For a better understanding of nuclear magnetic resonance (NMR) detected pressure responses of folded as well as unstructured proteins the availability of data from well-defined model systems are indispensable. In this work we report the pressure dependence of chemical shifts of the backbone atoms (1)H(α), (13)C(α) and (13)C' in the protected tetrapeptides Ac-Gly-Gly-Xxx-Ala-NH2 (Xxx one of the 20 canonical amino acids). Contrary to expectation the chemical shifts of these nuclei have a nonlinear dependence on pressure in the range from 0.1 to 200 MPa. The polynomial pressure coefficients B 1 and B 2 are dependent on the type of amino acid studied. The coefficients of a given nucleus show significant linear correlations suggesting that the NMR observable pressure effects in the different amino acids have at least partly the same physical cause. In line with this observation the magnitude of the second order coefficients of nuclei being direct neighbors in the chemical structure are also weakly correlated.
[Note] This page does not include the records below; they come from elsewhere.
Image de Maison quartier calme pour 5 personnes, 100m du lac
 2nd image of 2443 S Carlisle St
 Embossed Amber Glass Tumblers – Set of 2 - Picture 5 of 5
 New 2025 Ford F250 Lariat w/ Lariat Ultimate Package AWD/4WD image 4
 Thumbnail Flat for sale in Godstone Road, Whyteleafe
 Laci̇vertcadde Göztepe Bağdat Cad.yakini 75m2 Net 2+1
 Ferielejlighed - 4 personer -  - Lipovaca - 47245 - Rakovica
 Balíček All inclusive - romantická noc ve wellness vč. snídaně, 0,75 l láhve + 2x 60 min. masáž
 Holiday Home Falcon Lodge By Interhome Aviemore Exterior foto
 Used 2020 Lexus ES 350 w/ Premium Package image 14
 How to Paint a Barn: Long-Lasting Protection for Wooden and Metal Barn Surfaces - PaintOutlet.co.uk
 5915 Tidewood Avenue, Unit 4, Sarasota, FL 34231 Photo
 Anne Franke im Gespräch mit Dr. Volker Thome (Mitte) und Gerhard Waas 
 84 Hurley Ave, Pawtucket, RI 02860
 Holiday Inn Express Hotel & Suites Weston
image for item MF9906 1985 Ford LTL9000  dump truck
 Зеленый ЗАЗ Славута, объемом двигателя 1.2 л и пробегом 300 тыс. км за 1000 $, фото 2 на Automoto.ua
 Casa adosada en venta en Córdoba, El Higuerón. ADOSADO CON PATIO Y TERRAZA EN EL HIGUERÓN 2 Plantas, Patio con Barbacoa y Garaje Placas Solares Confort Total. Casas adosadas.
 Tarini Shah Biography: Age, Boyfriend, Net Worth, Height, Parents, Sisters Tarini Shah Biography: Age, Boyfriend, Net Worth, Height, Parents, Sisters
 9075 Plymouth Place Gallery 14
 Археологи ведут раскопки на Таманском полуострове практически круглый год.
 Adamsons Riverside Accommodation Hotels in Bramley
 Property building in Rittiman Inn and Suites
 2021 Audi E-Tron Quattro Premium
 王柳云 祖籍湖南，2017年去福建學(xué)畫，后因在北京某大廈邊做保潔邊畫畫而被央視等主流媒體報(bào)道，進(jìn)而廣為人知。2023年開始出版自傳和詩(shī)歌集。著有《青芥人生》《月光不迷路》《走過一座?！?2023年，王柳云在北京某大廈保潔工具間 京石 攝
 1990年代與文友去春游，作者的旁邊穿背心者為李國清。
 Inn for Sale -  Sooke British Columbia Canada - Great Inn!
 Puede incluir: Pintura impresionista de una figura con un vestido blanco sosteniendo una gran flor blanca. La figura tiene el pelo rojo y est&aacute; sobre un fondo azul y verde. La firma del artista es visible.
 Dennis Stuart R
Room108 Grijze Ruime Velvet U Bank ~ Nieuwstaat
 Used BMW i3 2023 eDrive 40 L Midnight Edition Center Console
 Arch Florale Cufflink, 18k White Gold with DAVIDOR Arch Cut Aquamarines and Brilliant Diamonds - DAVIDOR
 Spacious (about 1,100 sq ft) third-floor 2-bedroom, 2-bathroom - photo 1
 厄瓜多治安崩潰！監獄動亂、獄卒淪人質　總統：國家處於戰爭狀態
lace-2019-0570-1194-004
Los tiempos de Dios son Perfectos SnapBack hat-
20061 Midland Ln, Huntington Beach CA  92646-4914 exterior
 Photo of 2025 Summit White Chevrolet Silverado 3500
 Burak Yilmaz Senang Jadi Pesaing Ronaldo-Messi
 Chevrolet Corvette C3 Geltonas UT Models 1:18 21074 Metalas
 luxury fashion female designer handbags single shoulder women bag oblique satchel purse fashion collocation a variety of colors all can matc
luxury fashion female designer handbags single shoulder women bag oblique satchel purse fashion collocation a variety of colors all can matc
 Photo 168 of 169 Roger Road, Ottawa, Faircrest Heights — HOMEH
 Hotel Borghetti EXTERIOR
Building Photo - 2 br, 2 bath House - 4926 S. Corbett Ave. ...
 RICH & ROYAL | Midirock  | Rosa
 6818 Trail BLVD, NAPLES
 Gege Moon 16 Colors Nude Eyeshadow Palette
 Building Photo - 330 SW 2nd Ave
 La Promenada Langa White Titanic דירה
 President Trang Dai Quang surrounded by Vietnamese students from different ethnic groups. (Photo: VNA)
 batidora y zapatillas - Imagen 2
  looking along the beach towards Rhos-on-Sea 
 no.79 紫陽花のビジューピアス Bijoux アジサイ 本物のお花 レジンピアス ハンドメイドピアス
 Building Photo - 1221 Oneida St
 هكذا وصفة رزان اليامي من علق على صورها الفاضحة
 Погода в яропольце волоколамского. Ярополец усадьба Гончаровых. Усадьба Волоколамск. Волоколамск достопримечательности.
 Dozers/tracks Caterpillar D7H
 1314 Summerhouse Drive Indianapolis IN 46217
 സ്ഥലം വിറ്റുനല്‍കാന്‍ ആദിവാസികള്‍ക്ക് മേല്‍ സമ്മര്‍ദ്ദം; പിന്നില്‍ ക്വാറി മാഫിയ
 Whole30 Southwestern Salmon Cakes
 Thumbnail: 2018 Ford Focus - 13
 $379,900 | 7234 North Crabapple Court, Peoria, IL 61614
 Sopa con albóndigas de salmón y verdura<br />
为了更好地理解核磁共振(NMR)检测到的折叠及非结构化蛋白质的压力响应,来自定义明确的模型系统的数据是必不可少的。在这项工作中,我们报告了受保护的四肽Ac-Gly-Gly-Xxx-Ala-NH2(Xxx为20种标准氨基酸之一)中主链原子(1)H(α)、(13)C(α)和(13)C'的化学位移与压力的关系。与预期相反,这些原子核的化学位移在0.1至200MPa范围内对压力呈非线性依赖关系。多项式压力系数B1和B2取决于所研究的氨基酸类型。给定原子核的系数显示出显著的线性相关性,这表明不同氨基酸中NMR可观测到的压力效应至少部分具有相同的物理原因。与此观察结果一致,化学结构中直接相邻的原子核的二阶系数大小也存在弱相关性。